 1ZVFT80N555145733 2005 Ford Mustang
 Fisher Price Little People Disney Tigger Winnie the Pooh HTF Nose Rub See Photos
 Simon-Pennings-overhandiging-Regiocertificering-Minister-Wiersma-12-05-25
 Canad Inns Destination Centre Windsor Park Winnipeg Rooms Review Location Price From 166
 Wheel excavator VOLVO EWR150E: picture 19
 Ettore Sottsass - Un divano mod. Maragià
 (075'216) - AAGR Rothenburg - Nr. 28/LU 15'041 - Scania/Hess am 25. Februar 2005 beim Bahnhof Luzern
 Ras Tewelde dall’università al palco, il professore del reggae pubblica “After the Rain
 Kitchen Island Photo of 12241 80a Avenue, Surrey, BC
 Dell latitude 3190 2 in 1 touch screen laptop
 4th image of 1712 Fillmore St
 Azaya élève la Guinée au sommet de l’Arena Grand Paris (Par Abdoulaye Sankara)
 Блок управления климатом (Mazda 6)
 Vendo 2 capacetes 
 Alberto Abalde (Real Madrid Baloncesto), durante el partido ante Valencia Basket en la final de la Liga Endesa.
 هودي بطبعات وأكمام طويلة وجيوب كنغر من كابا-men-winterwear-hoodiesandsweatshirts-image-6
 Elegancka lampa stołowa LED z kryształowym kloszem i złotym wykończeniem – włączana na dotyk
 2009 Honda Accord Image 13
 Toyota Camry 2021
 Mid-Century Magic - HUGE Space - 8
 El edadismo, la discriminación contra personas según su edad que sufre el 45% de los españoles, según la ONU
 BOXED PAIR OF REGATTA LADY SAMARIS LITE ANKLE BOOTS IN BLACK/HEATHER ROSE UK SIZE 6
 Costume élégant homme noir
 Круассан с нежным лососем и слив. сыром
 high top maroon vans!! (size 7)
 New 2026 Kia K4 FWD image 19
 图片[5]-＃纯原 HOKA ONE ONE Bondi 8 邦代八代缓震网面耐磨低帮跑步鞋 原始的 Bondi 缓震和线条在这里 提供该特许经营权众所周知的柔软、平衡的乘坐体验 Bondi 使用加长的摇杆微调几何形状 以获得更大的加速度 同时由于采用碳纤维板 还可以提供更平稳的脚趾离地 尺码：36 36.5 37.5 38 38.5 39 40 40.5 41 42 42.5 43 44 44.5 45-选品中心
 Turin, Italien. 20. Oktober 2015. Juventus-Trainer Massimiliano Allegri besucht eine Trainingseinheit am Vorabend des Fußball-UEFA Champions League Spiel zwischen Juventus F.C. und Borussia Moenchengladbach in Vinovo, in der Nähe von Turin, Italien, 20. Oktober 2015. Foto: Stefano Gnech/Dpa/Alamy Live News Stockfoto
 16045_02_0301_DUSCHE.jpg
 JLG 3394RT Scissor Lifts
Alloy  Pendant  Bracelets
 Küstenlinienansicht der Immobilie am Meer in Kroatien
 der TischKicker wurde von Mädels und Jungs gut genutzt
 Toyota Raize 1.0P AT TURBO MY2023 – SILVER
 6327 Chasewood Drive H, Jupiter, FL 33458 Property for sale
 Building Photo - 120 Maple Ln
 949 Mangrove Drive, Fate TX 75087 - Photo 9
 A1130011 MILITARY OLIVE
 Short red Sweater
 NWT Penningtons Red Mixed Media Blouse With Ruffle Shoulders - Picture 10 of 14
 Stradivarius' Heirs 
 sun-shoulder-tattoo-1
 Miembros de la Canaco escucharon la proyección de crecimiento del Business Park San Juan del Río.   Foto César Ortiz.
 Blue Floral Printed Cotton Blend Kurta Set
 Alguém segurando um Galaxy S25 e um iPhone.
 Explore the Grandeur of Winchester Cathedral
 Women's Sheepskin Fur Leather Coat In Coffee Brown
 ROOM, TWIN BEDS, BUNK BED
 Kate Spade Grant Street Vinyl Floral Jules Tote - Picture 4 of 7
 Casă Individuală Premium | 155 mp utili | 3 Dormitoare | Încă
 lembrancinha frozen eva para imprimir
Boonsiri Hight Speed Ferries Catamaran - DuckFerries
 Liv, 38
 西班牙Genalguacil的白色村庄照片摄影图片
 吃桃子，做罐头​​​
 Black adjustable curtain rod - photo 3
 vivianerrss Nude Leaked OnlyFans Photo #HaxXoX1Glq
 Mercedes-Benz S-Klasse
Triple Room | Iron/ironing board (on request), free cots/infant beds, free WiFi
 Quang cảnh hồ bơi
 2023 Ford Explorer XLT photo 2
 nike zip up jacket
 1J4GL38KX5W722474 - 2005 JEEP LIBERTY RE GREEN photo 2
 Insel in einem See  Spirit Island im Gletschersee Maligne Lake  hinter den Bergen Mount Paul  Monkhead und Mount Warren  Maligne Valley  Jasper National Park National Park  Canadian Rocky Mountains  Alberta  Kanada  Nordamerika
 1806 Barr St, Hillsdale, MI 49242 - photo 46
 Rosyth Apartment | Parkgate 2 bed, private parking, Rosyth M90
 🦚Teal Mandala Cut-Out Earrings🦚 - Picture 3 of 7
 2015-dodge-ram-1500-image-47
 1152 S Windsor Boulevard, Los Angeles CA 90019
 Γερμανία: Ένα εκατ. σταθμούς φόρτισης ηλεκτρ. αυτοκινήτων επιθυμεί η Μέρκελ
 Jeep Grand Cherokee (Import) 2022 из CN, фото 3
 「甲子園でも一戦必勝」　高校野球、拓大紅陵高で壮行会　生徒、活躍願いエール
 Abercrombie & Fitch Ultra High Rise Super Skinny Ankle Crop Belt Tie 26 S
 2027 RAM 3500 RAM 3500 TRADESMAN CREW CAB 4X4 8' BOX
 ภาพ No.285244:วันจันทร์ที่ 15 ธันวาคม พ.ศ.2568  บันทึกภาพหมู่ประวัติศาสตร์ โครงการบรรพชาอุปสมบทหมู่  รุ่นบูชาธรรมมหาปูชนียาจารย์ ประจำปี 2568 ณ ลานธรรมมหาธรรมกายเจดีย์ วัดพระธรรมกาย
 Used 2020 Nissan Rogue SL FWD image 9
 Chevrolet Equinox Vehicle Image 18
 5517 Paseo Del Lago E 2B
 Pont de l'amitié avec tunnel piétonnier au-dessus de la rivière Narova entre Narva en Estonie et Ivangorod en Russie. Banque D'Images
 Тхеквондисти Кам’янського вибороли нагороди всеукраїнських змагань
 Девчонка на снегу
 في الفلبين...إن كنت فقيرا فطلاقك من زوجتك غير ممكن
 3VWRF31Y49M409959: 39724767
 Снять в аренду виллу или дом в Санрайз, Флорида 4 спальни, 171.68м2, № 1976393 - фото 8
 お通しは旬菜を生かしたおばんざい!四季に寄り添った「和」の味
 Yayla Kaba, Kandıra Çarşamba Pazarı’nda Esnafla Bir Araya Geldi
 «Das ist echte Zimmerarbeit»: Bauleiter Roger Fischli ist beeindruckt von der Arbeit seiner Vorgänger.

» **WHAT THE TASK REQUIRES**
Everything in the listing must be reproduced exactly; please include every line.

» **RESULT OF THE EXERCISE**
 1ZVFT80N555145733 2005 Ford Mustang
 Fisher Price Little People Disney Tigger Winnie the Pooh HTF Nose Rub See Photos
 Simon-Pennings-overhandiging-Regiocertificering-Minister-Wiersma-12-05-25
 Canad Inns Destination Centre Windsor Park Winnipeg Rooms Review Location Price From 166
 Wheel excavator VOLVO EWR150E: picture 19
 Ettore Sottsass - Un divano mod. Maragià
 (075'216) - AAGR Rothenburg - Nr. 28/LU 15'041 - Scania/Hess am 25. Februar 2005 beim Bahnhof Luzern
 Ras Tewelde dall’università al palco, il professore del reggae pubblica “After the Rain
 Kitchen Island Photo of 12241 80a Avenue, Surrey, BC
 Dell latitude 3190 2 in 1 touch screen laptop
 4th image of 1712 Fillmore St
 Azaya élève la Guinée au sommet de l’Arena Grand Paris (Par Abdoulaye Sankara)
 Блок управления климатом (Mazda 6)
 Vendo 2 capacetes 
 Alberto Abalde (Real Madrid Baloncesto), durante el partido ante Valencia Basket en la final de la Liga Endesa.
 هودي بطبعات وأكمام طويلة وجيوب كنغر من كابا-men-winterwear-hoodiesandsweatshirts-image-6
 Elegancka lampa stołowa LED z kryształowym kloszem i złotym wykończeniem – włączana na dotyk
 2009 Honda Accord Image 13
 Toyota Camry 2021
 Mid-Century Magic - HUGE Space - 8
 El edadismo, la discriminación contra personas según su edad que sufre el 45% de los españoles, según la ONU
 BOXED PAIR OF REGATTA LADY SAMARIS LITE ANKLE BOOTS IN BLACK/HEATHER ROSE UK SIZE 6
 Costume élégant homme noir
 Круассан с нежным лососем и слив. сыром
 high top maroon vans!! (size 7)
 New 2026 Kia K4 FWD image 19
 图片[5]-＃纯原 HOKA ONE ONE Bondi 8 邦代八代缓震网面耐磨低帮跑步鞋 原始的 Bondi 缓震和线条在这里 提供该特许经营权众所周知的柔软、平衡的乘坐体验 Bondi 使用加长的摇杆微调几何形状 以获得更大的加速度 同时由于采用碳纤维板 还可以提供更平稳的脚趾离地 尺码：36 36.5 37.5 38 38.5 39 40 40.5 41 42 42.5 43 44 44.5 45-选品中心
 Turin, Italien. 20. Oktober 2015. Juventus-Trainer Massimiliano Allegri besucht eine Trainingseinheit am Vorabend des Fußball-UEFA Champions League Spiel zwischen Juventus F.C. und Borussia Moenchengladbach in Vinovo, in der Nähe von Turin, Italien, 20. Oktober 2015. Foto: Stefano Gnech/Dpa/Alamy Live News Stockfoto
 16045_02_0301_DUSCHE.jpg
 JLG 3394RT Scissor Lifts
Alloy  Pendant  Bracelets
 Küstenlinienansicht der Immobilie am Meer in Kroatien
 der TischKicker wurde von Mädels und Jungs gut genutzt
 Toyota Raize 1.0P AT TURBO MY2023 – SILVER
 6327 Chasewood Drive H, Jupiter, FL 33458 Property for sale
 Building Photo - 120 Maple Ln
 949 Mangrove Drive, Fate TX 75087 - Photo 9
 A1130011 MILITARY OLIVE
 Short red Sweater
 NWT Penningtons Red Mixed Media Blouse With Ruffle Shoulders - Picture 10 of 14
 Stradivarius' Heirs 
 sun-shoulder-tattoo-1
 Miembros de la Canaco escucharon la proyección de crecimiento del Business Park San Juan del Río.   Foto César Ortiz.
 Blue Floral Printed Cotton Blend Kurta Set
 Alguém segurando um Galaxy S25 e um iPhone.
 Explore the Grandeur of Winchester Cathedral
 Women's Sheepskin Fur Leather Coat In Coffee Brown
 ROOM, TWIN BEDS, BUNK BED
 Kate Spade Grant Street Vinyl Floral Jules Tote - Picture 4 of 7
 Casă Individuală Premium | 155 mp utili | 3 Dormitoare | Încă
 lembrancinha frozen eva para imprimir
Boonsiri Hight Speed Ferries Catamaran - DuckFerries
 Liv, 38
 西班牙Genalguacil的白色村庄照片摄影图片
 吃桃子，做罐头​​​
 Black adjustable curtain rod - photo 3
 vivianerrss Nude Leaked OnlyFans Photo #HaxXoX1Glq
 Mercedes-Benz S-Klasse
Triple Room | Iron/ironing board (on request), free cots/infant beds, free WiFi
 Quang cảnh hồ bơi
 2023 Ford Explorer XLT photo 2
 nike zip up jacket
 1J4GL38KX5W722474 - 2005 JEEP LIBERTY RE GREEN photo 2
 Insel in einem See  Spirit Island im Gletschersee Maligne Lake  hinter den Bergen Mount Paul  Monkhead und Mount Warren  Maligne Valley  Jasper National Park National Park  Canadian Rocky Mountains  Alberta  Kanada  Nordamerika
 1806 Barr St, Hillsdale, MI 49242 - photo 46
 Rosyth Apartment | Parkgate 2 bed, private parking, Rosyth M90
 🦚Teal Mandala Cut-Out Earrings🦚 - Picture 3 of 7
 2015-dodge-ram-1500-image-47
 1152 S Windsor Boulevard, Los Angeles CA 90019
 Γερμανία: Ένα εκατ. σταθμούς φόρτισης ηλεκτρ. αυτοκινήτων επιθυμεί η Μέρκελ
 Jeep Grand Cherokee (Import) 2022 из CN, фото 3
 「甲子園でも一戦必勝」　高校野球、拓大紅陵高で壮行会　生徒、活躍願いエール
 Abercrombie & Fitch Ultra High Rise Super Skinny Ankle Crop Belt Tie 26 S
 2027 RAM 3500 RAM 3500 TRADESMAN CREW CAB 4X4 8' BOX
 ภาพ No.285244:วันจันทร์ที่ 15 ธันวาคม พ.ศ.2568  บันทึกภาพหมู่ประวัติศาสตร์ โครงการบรรพชาอุปสมบทหมู่  รุ่นบูชาธรรมมหาปูชนียาจารย์ ประจำปี 2568 ณ ลานธรรมมหาธรรมกายเจดีย์ วัดพระธรรมกาย
 Used 2020 Nissan Rogue SL FWD image 9
 Chevrolet Equinox Vehicle Image 18
 5517 Paseo Del Lago E 2B
 Pont de l'amitié avec tunnel piétonnier au-dessus de la rivière Narova entre Narva en Estonie et Ivangorod en Russie. Banque D'Images
 Тхеквондисти Кам’янського вибороли нагороди всеукраїнських змагань
 Девчонка на снегу
 في الفلبين...إن كنت فقيرا فطلاقك من زوجتك غير ممكن
 3VWRF31Y49M409959: 39724767
 Снять в аренду виллу или дом в Санрайз, Флорида 4 спальни, 171.68м2, № 1976393 - фото 8
 お通しは旬菜を生かしたおばんざい!四季に寄り添った「和」の味
 Yayla Kaba, Kandıra Çarşamba Pazarı’nda Esnafla Bir Araya Geldi
 «Das ist echte Zimmerarbeit»: Bauleiter Roger Fischli ist beeindruckt von der Arbeit seiner Vorgänger.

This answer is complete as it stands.